Getting a child to eat can feel like playing tug of war. Kids go through waves of being good eaters who munch down everything on their plates to barely touching foods that at one point were there favorites. For many parents this can bring up fears and concerns about kids getting the appropriate amount of nutrition for healthy development.
Over the years I have seen how this type of motivating fear can lead parents to some not so helpful solutions. In order to dissolve these fears and shed some light on this issue we are going to take a closer look at two opposing solutions.
For our first example we will take a look at what I like to call, “The Drive by Spooning”, where mom follows the kids around spoon in hand, shoving food in their mouths at every chance they get. This approach ties into the fear that kids will starve and not get the proper nutrition needed for healthy development or that they will wake up in the middle of night as hungry little monsters crying out for food.
I highly recommend staying away from using this tactic as it has many downfalls and here’s why…
Kids need to learn healthy eating habits at an early age. They are looking to their parents to guide them in the development of these habits but when a spoon is always flying around kids are not learning any boundaries around HOW to eat. Let’s take a second to dive deeper here, healthy eating habits are not just about eating your fruits and veggies but about what I refer to as, “The How’s of Healthy Eating.” Which are as follows:
1. Eat meals around the same time each day
2. Sit down to eat
2. Eat slowly
3. Chew thoroughly
4. Listen to when your body is full
5. Minimize snacking
6. Only eat when hungry
All too often it seems that kids are never truly hungry because they are snacking all day long. kids need to understand what it feels like to be hungry. Aside from all of it’s negative connotations, feeling hungry is NOT a bad thing. Our digestive systems needs to rest in between meals in order to function properly. The unfortunate truth is that with our snack obsessed society kids generally eat because things taste good not because they are actually hungry. If you find that your little one won’t sit and eat when it’s time to, take a closer look at how much they are snacking.
Healthy eating habits need to be established at an early age because they are a good predictor of how kids will eat when they are older, possibly warding off potential eating disorders. Eating habits also affect cognitive functioning and obesity rates. So, the next time the urge to pull a “drive by spooning” comes up remind yourself of the How’s of Healthy Eating and why they are SO important.
The next approach we’ll look at is the Stop, Start Timed Approach. Here’s how it works, a timer is set for an hour and a half, the child has been primed to understand that if they get up they cannot eat, eating is done at the table. There is no walking around with food. The child can get up from the table but is always encouraged to come back, because if the timer goes off, dinner is over and the food goes away. During meal time family members share events of the day and enjoy quality conversations. (For more info on how to engage your family in quality conversation click here)
Now, at first look this may feel a bit too rigid but I for one am a big supporter of this strategy and here’s why…
For many families mealtime equals stress, the wild streak comes out.
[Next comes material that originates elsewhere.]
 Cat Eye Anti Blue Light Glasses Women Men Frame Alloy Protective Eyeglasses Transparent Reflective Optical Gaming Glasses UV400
Kids won’t listen or sit down and only eat a few bites of food. The Stop, Start Timed Approach is a mindful approach that takes the stress out of mealtime. Children know what the boundaries are because the parent has outlined the expectations beforehand. The How’s of Healthy Eating are built into this process and over time it becomes routine.
With the Stop, Start Timed Approach your little one is the ultimate decision maker on whether or not they eat. This approach helps foster independence and also teaches good decision making skills. If they go to bed hungry because of a bad choice one evening, I can almost guarantee you will see them sitting and eating at the table the next.
Now if you’re reading this and thinking this approach is simply too cut and dry or feeling that parental guilt well up in the pit of your stomach then here’s a small caveat to the process. If the timer goes off and your little one complains that they are hungry give them two options, a fruit or vegetable, but stick to the rule that dinner is over. Take baby steps and do what feels comfortable for you but make sure to be consistent in your actions and before you know it your wild eaters will be tamed and your mealtime will be STRESS-FREE!